Wed Aug 10 14:46:25 EDT 2016

On Wed, Aug 10, 2016, at 14:10, Steve Dower wrote:
> To summarise the proposals (remembering that these would only affect 
> Python 3.6 on Windows):
> 
> * change sys.getfilesystemencoding() to return 'utf-8'
> * automatically decode byte paths assuming they are utf-8
> * remove the deprecation warning on byte paths

Why? What's the use case?

> * make the default open() encoding check for a BOM or else use utf-8
> * [ALTERNATIVE] make the default open() encoding check for a BOM or else 
> use sys.getpreferredencoding()

For reading, I assume. When opened for writing, it should probably be
utf-8-sig [if it's not mbcs] to match what Notepad does. What about
files opened for appending or updating? In theory it could ingest the
whole file to see if it's valid UTF-8, but that has a time cost. 
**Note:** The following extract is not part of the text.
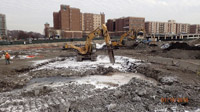 January 2018 - Concrete Removal on the Main Quanta Site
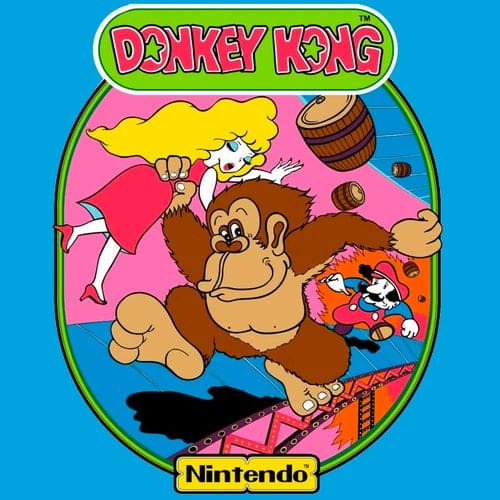 Donkey Kong NES game cartridge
Notepad, if there's no BOM, checks the first 256 bytes of the file for
whether it's likely to be utf-16 or mbcs [utf-8 isn't considered AFAIK],
and can get it wrong for certain very short files [i.e. the infamous
"this app can break"]

What to do on opening a pipe or device? [Is os.fstat able to detect
these cases?]

Maybe the BOM detection phase should be deferred until the first read.
What should encoding be at that point if this is done? Is there a
"utf-any" encoding that can handle all five BOMs? If not, should there
be? how are "utf-16" and "utf-32" files opened for appending or updating
handled today?

> * force the console encoding to UTF-8 on initialize and revert on
> finalize

Why not implement a true unicode console? What if sys.stdin/stdout are
pipes (or non-console devices such as a serial port)?